Task prompt ::
Provide only the number of lines below that contain the word "onclick".

Material for this exercise ::
----------------------------------------

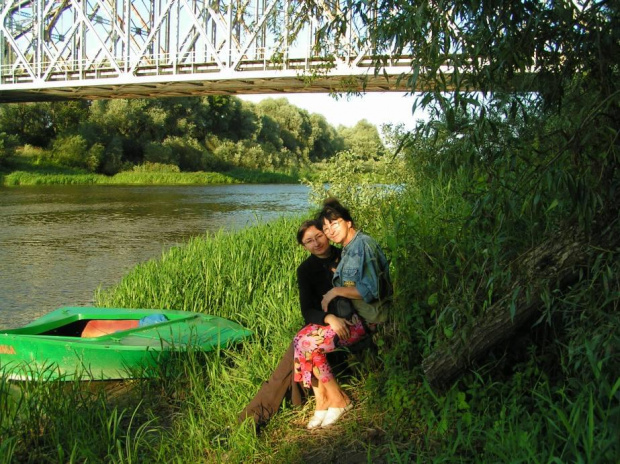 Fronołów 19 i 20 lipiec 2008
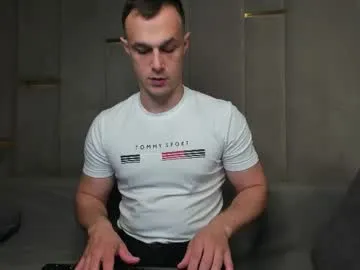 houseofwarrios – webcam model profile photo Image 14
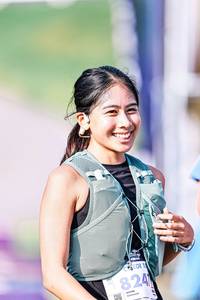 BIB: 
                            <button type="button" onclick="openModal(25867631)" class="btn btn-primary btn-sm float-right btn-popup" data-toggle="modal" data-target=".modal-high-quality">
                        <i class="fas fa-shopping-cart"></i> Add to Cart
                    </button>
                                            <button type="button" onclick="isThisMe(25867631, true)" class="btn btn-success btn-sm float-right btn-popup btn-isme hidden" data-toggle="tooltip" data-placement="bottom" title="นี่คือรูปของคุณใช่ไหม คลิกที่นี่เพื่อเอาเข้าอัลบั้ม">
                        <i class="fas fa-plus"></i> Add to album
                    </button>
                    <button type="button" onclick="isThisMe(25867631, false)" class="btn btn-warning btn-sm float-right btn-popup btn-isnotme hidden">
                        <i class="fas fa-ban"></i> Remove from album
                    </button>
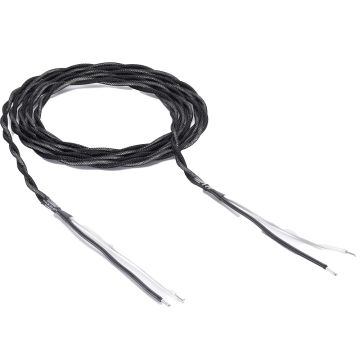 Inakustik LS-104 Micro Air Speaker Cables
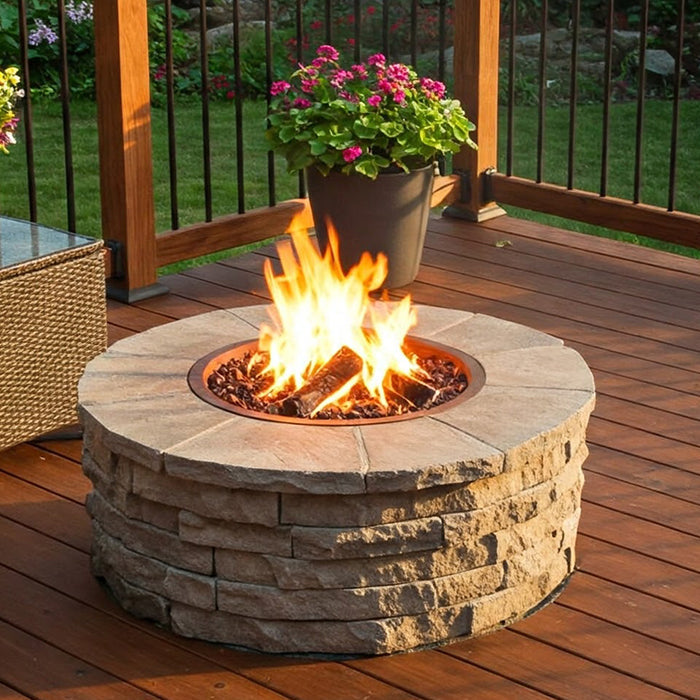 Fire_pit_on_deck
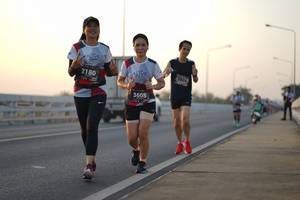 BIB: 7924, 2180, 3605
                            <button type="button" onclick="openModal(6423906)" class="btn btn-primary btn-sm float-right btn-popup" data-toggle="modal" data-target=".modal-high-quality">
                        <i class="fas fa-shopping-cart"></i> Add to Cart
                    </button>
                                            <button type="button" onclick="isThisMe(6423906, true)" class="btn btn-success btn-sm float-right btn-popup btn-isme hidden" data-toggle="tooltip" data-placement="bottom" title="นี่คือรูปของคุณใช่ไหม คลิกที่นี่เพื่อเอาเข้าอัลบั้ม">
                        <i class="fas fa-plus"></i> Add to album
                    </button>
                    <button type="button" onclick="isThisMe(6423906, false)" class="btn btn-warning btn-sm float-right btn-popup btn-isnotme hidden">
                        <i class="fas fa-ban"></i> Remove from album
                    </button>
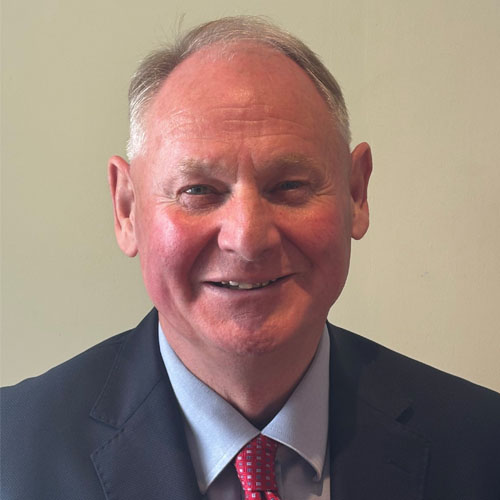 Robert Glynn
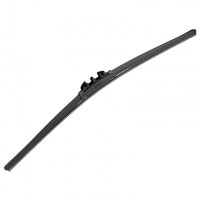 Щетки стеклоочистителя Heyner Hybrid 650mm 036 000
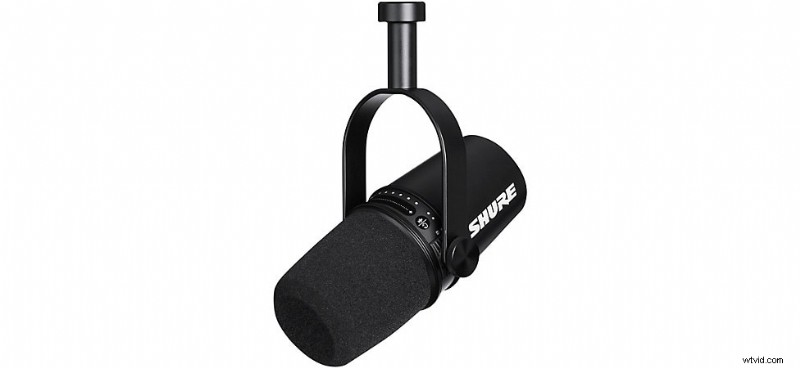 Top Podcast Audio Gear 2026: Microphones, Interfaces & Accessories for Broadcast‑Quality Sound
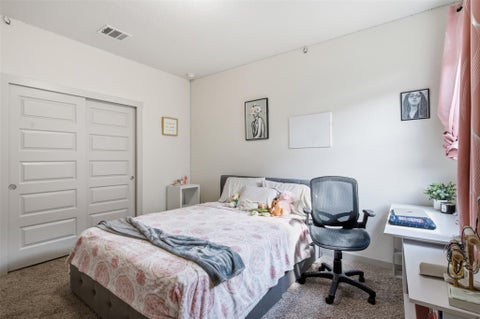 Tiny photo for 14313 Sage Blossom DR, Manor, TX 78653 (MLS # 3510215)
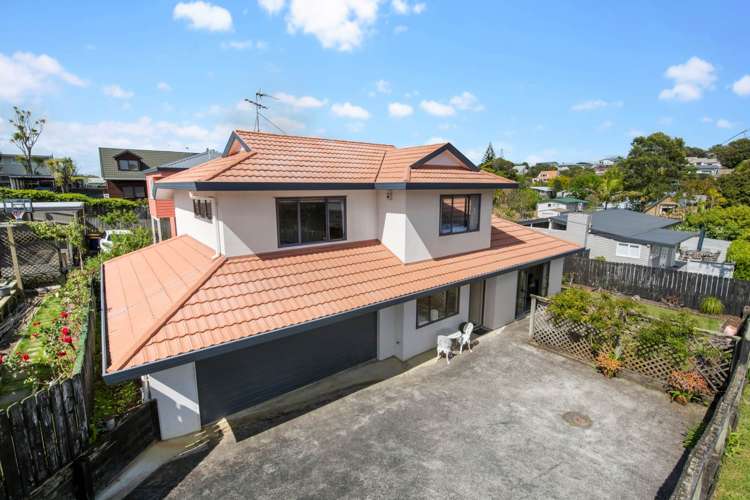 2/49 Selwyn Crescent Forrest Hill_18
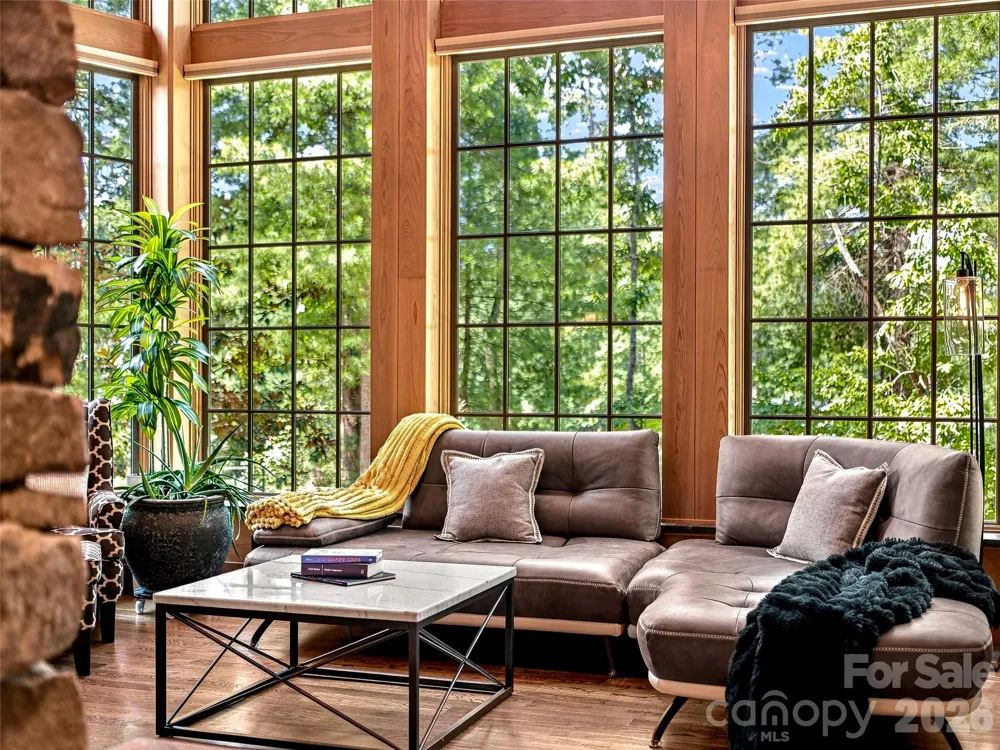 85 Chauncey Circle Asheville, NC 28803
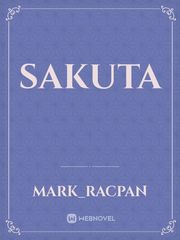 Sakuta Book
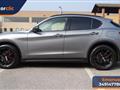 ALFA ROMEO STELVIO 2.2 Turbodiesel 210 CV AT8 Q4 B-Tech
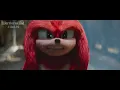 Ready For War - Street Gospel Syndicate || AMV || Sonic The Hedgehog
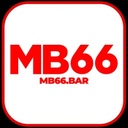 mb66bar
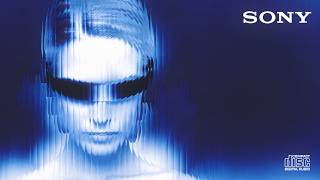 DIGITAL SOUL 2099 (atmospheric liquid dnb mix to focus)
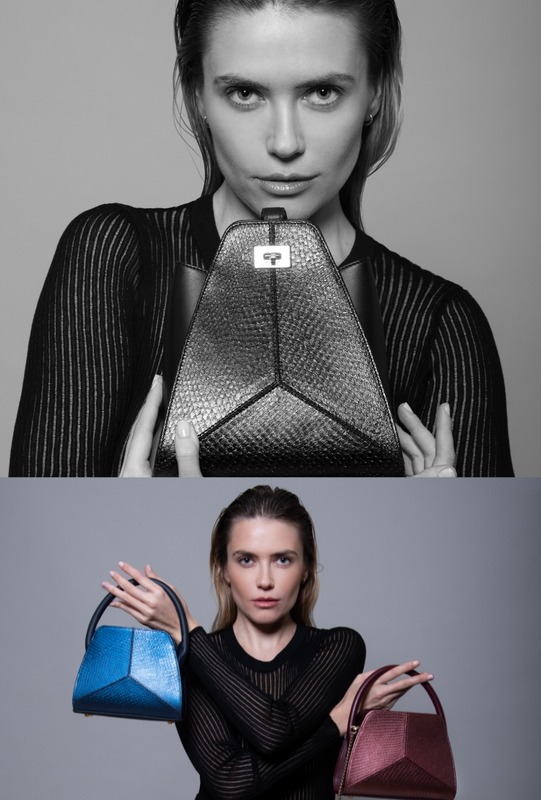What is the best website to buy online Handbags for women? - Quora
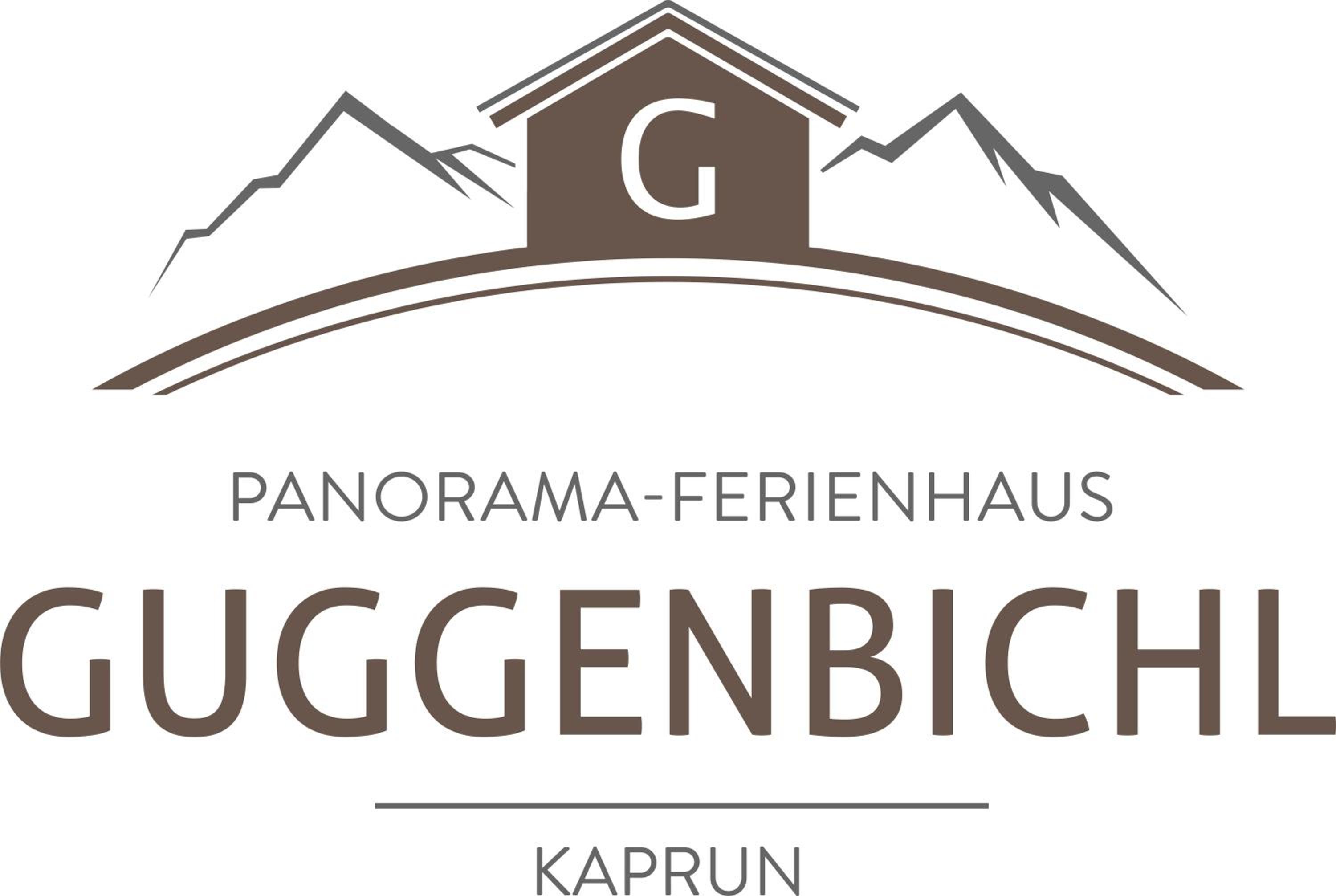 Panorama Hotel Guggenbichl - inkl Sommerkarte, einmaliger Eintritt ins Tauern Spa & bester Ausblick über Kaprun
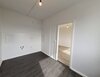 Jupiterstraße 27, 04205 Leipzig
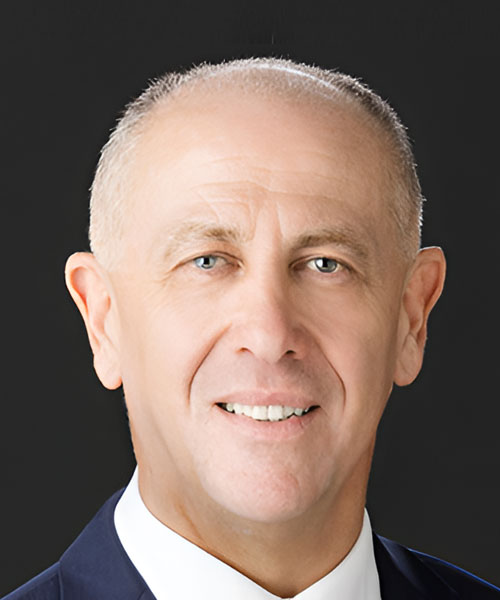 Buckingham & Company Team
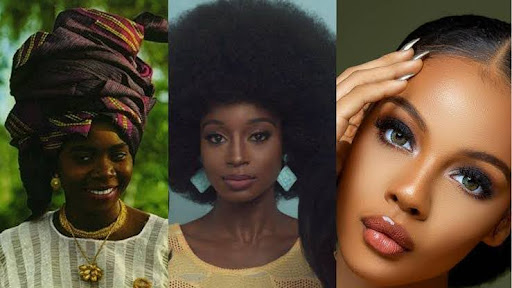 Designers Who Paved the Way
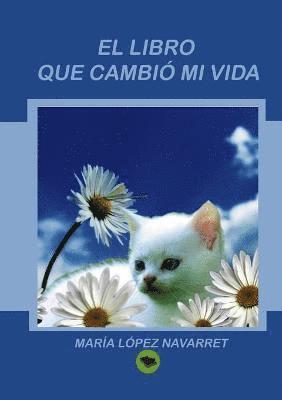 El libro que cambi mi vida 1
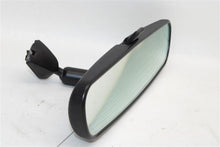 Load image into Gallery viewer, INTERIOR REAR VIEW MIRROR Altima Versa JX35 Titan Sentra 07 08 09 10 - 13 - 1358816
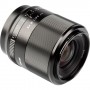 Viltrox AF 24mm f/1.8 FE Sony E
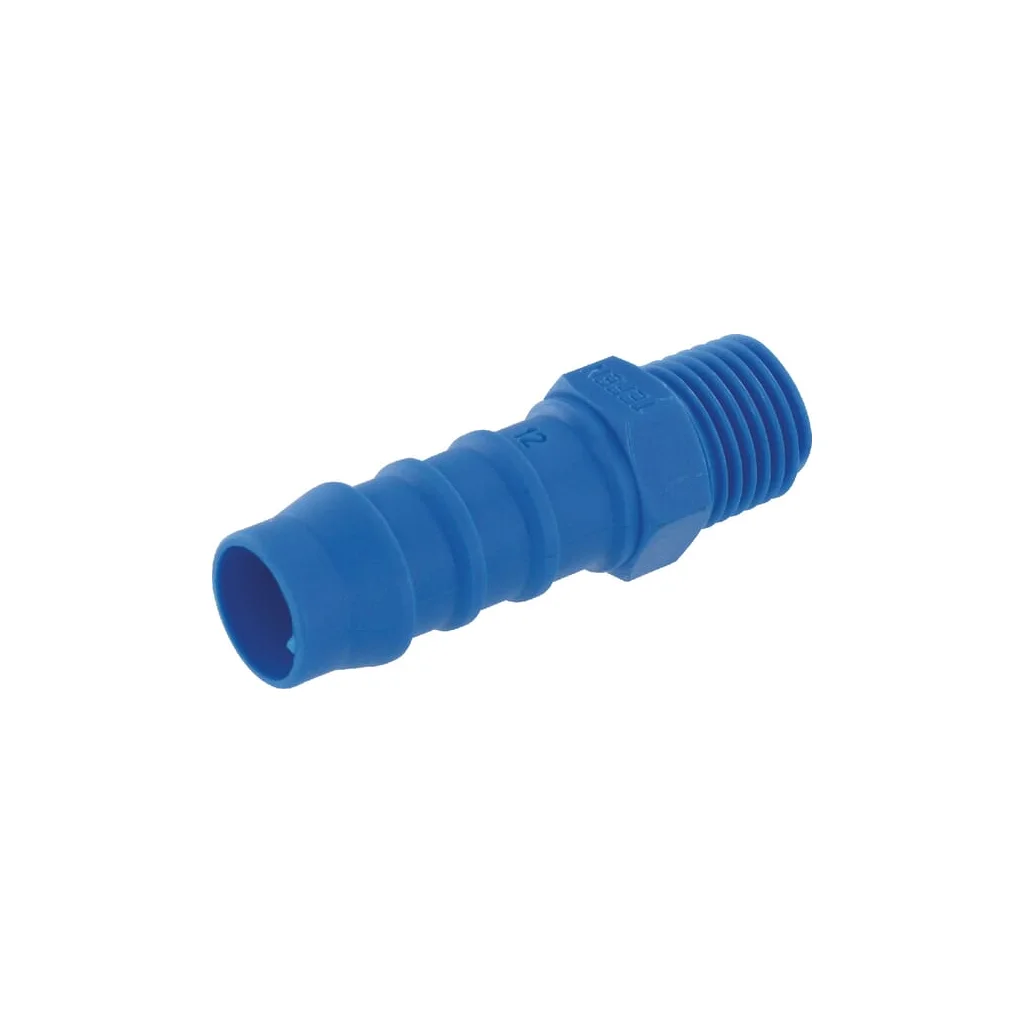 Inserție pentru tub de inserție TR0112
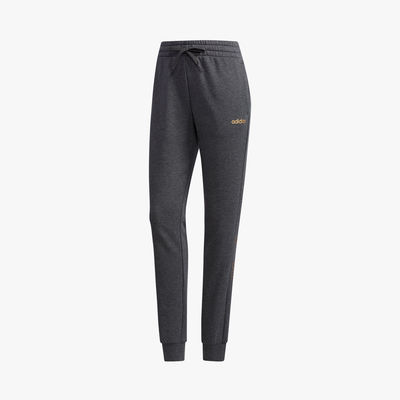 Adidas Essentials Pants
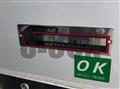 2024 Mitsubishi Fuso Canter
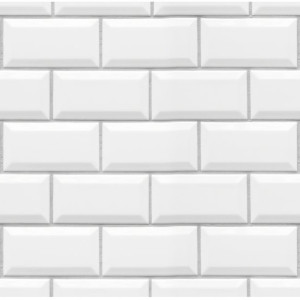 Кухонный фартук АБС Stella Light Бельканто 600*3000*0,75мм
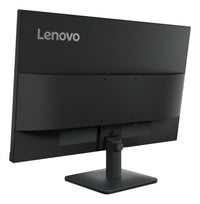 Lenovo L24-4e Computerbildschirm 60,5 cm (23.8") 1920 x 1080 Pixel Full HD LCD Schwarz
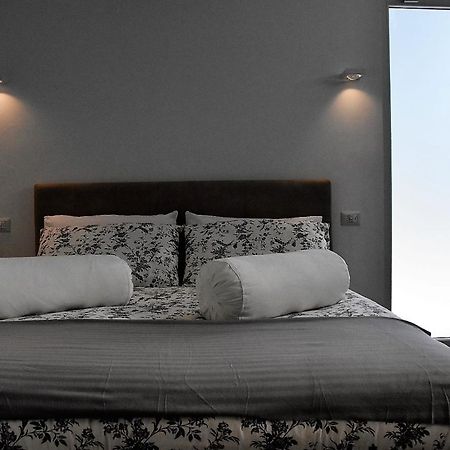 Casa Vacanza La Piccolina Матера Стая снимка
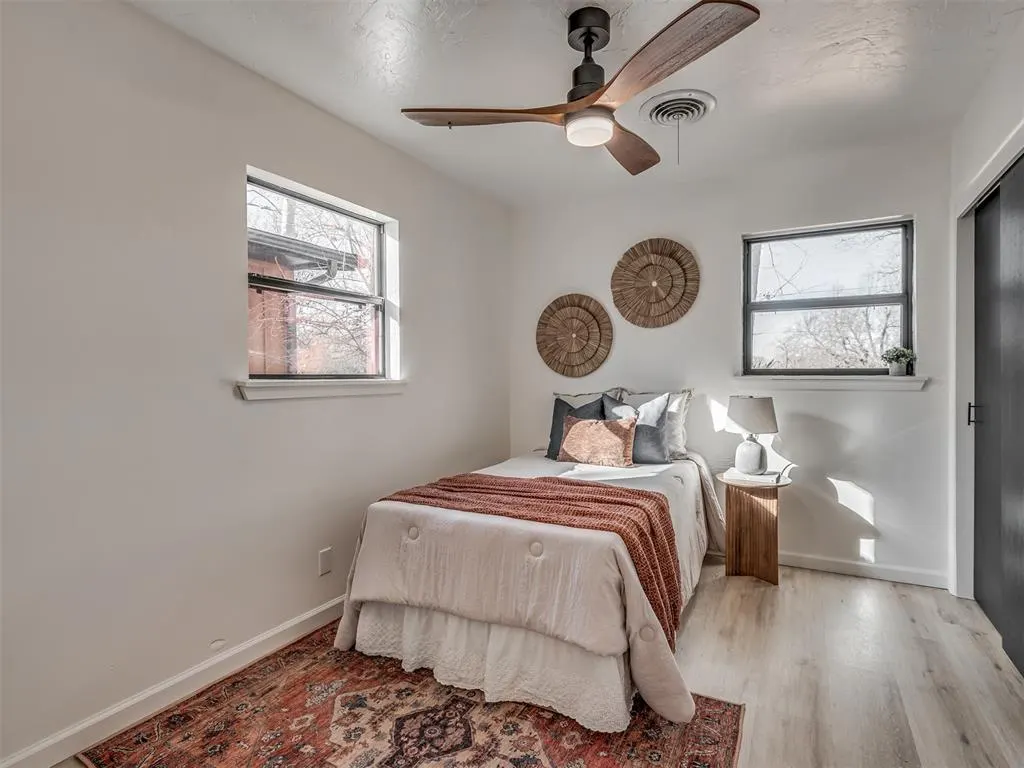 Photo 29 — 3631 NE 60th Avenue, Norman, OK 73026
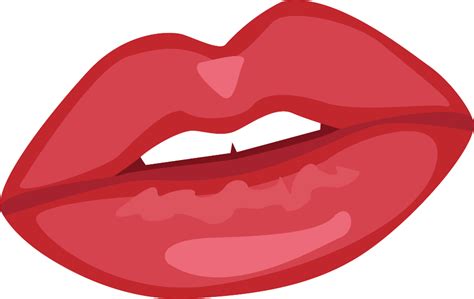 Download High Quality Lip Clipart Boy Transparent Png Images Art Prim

----------------------------------------

Output of the exercise ::
6